# Exercise data
*****

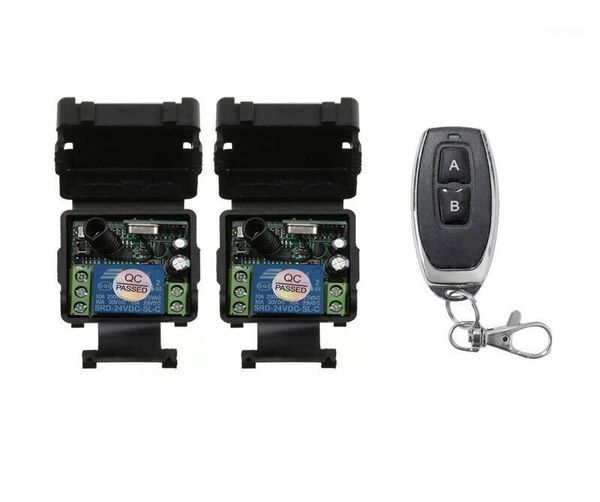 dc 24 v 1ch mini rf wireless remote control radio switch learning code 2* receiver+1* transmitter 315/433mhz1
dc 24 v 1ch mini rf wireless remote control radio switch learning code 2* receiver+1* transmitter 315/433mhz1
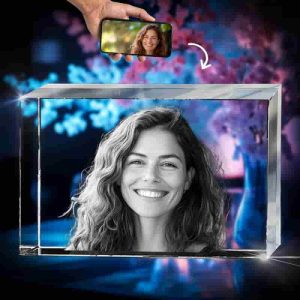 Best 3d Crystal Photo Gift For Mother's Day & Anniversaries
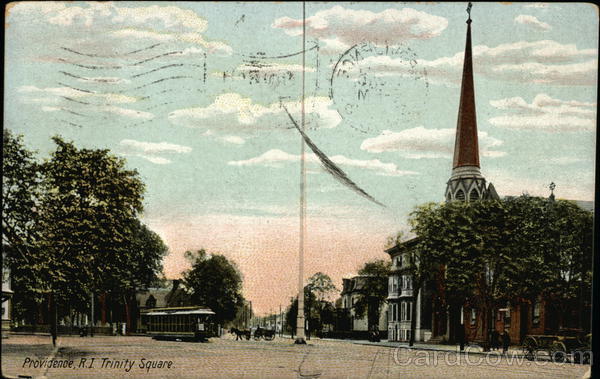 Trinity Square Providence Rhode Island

*****

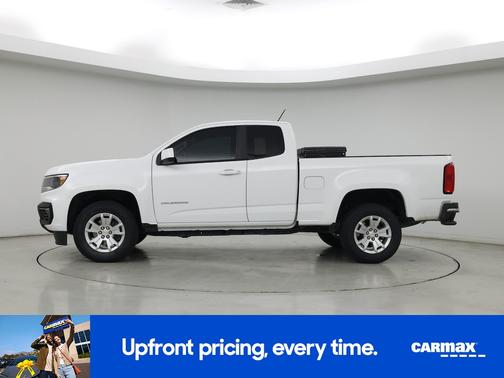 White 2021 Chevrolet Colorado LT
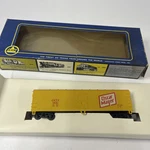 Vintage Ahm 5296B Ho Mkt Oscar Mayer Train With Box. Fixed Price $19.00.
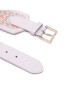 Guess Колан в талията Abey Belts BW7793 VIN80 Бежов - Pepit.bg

*****

# To do
A word-for-word reproduction is needed of the lines above from the line containing "White 2021 Chevrolet Colorado LT" through the line containing "Guess Колан в", with both ends kept and no pictures.

# Response box
 White 2021 Chevrolet Colorado LT
 Vintage Ahm 5296B Ho Mkt Oscar Mayer Train With Box. Fixed Price $19.00.
 Guess Колан в талията Abey Belts BW7793 VIN80 Бежов - Pepit.bg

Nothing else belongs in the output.